Les placements obligataires high yield de Synlab et Verallia destinés à financer leur rachat sont attendus dans les prochains jours.

La reprise du marché primaire de la dette corporate en euros se confirme. Les émissions investment grade comme high yield vont se succéder au cours des prochains jours. Bolloré a lancé les hostilités avec une émission investment grade de 450 millions d’euros à 6 ans hier. Devrait suivre dans les prochains jours Eurofins Scientific, non noté. Du côté du high yield, Labco compte lever plus d’un milliard d’euros, suivi par Verallia avec un montant total de 860 millions d’euros d’obligations à vendre.

Le contexte est porteur pour les émetteurs de dette corporate. Bolloré, qui visait 350 millions d’euros à 6 ans avec une marge de 250 points de base sur les taux mid-swaps, aura finalement vendu pour 450 millions d’euros d’obligations avec une marge resserrée à 235 points de base. La semaine passée, déjà, Alitalia et Aéroports de Paris avaient pu profiter de l’enthousiasme des investisseurs, avec un resserrement de la marge offerte de respectivement 20 et 15 points de base.

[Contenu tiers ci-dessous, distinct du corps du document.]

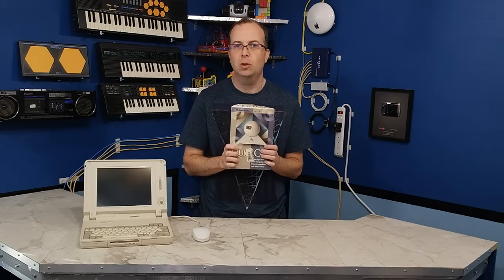Hello, I am David Murray, otherwise known as the 8-Bit Guy, and today I'm going to be showing you the Connectix Quick Cam, which came out in 1994.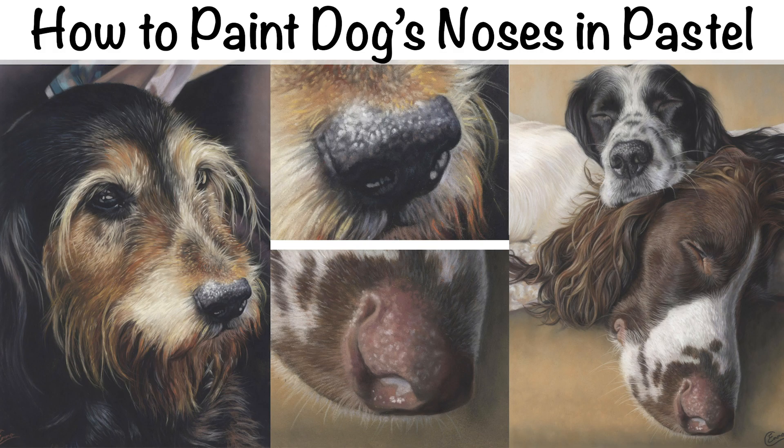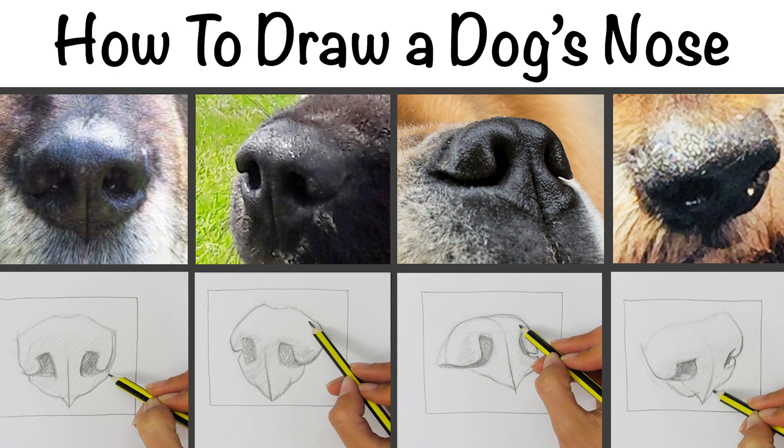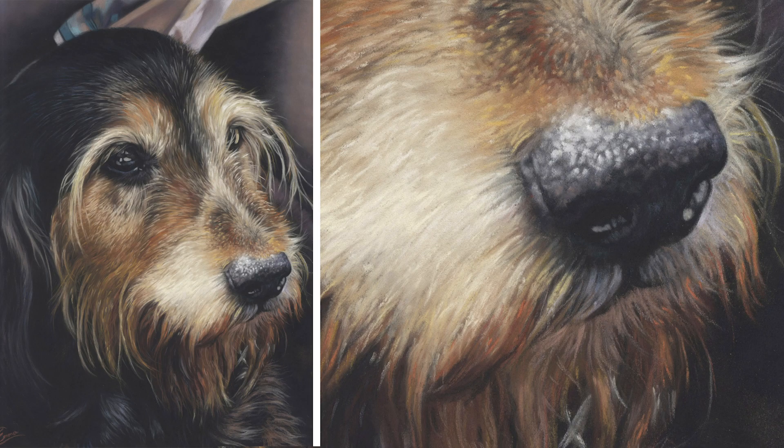Now if you're struggling with the initial shape of the noses, check out my other video which I've already released on how to draw a dog's noses from different angles. That'll take you back to basics with the sketching and explain some easy ways you can look at the anatomy and figure out what's going on. But this video is all about colour and form and how to create that 3D nose that looks really wet.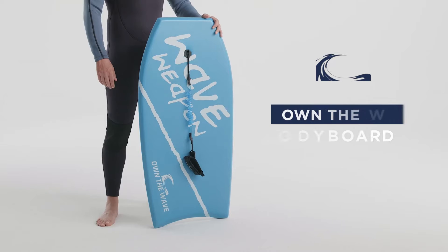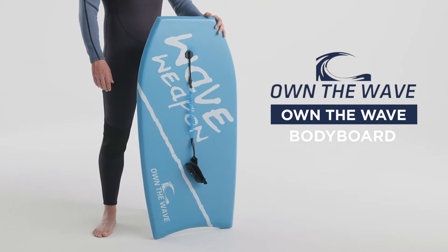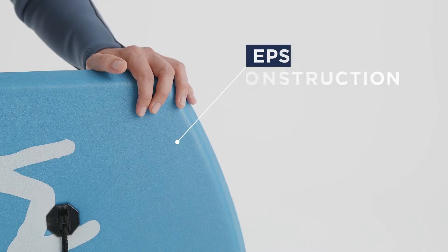Rule the surf like a pro with the Own the Wave Body Board from Surf and Snow Warehouse. The ultra lightweight, durable EPS core provides greater buoyancy while surfing.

De quoi expliquer la décision de Verallia prise hier de réaliser sa prochaine émission uniquement en euros, au lieu d’un mix euro-dollar. Ce seront donc 560 millions d’euros d’obligations seniors garanties à 7 ans et 300 millions d’euros de dette senior non garantie à huit ans que l’entreprise d’emballages en verre proposera au marché. Cette émission s’inscrit dans le cadre du rachat par Apollo de cette filiale de Saint-Gobain pour 3 milliards d’euros, annoncé en juin dernier.

Même logique pour l’émission programmée par Labco après son rapprochement avec Synlab. Le groupe de laboratoires d’analyses proposera aux investisseurs 675 millions d’euros de dette garantie à échéance 2022 et 375 millions d’euros d’obligations non garanties à 8 ans.

Il s’agit donc clairement d’une reprise en bonne et due forme du marché primaire de la dette corporate en euros, fortement ralenti depuis juin du fait des incertitudes liées à la crise grecque. Si les émissions de dette en euros ont été plus soutenues sur les cinq premiers mois de l’année par rapport à 2014, il aura finalement fallu attendre un mois de plus cette année pour dépasser les 700 milliards d’euros d’émission, d’après les chiffres compilés par Bloomberg. Emetteurs et investisseurs apparaissent désormais suffisamment confiants pour rattraper leur retard.